WHAT YOU HAVE TO DO: From the first line to the last, copy the listing exactly and omit the images.

INFORMATION SUPPLIED:
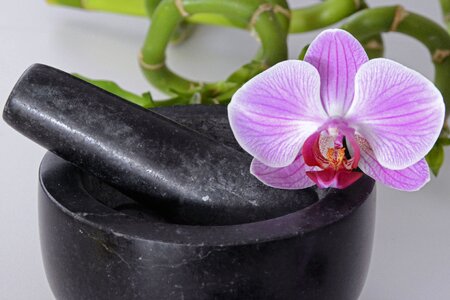 Orchid flower violet bamboo photo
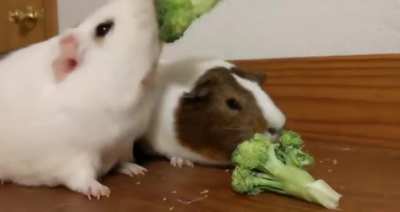 Bonk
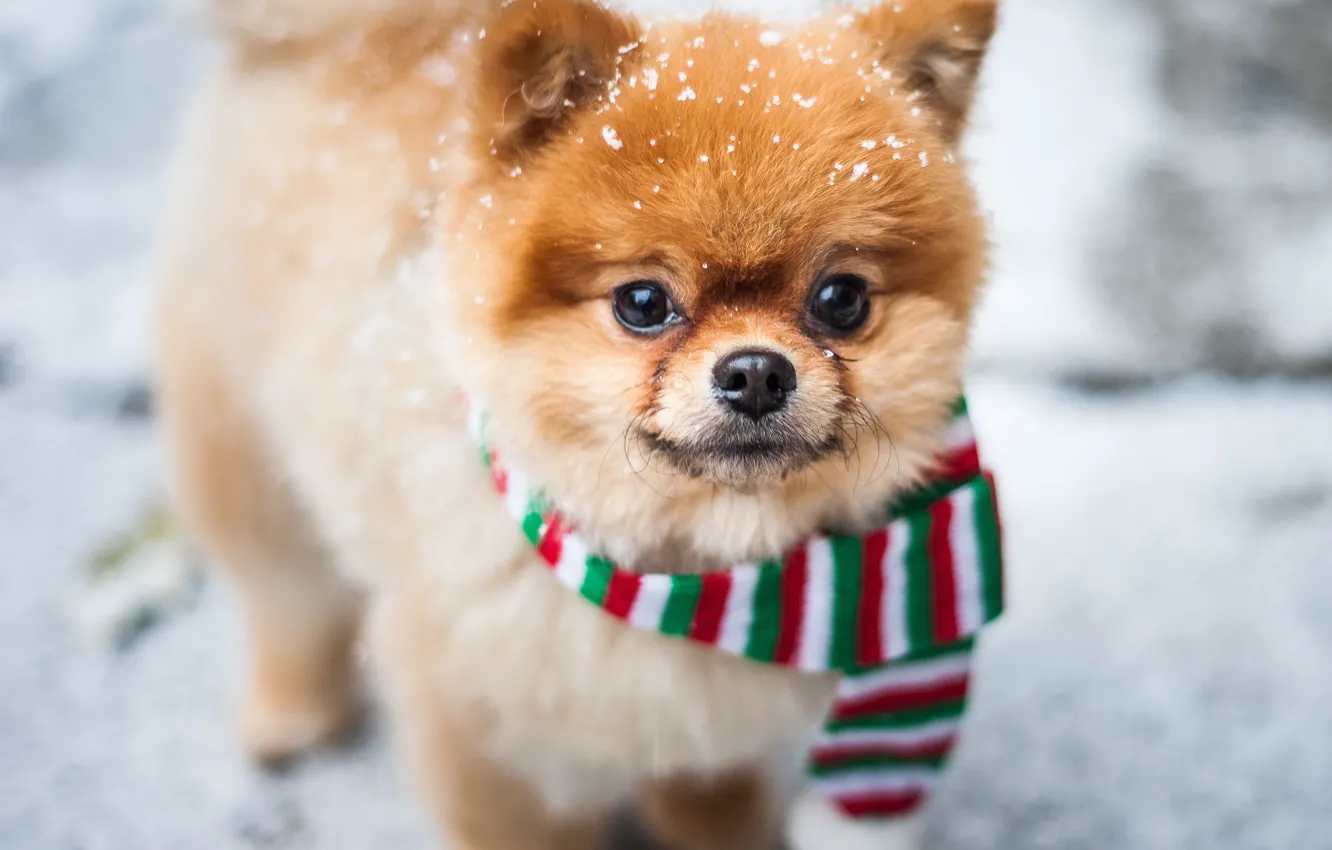 Photo wallpaper winter, look, snow, scarf, muzzle, doggie, Pomeranian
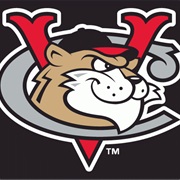 Tri-City Valleycats (SS)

TASK OUTPUT:
 Orchid flower violet bamboo photo
 Bonk
 Photo wallpaper winter, look, snow, scarf, muzzle, doggie, Pomeranian
 Tri-City Valleycats (SS)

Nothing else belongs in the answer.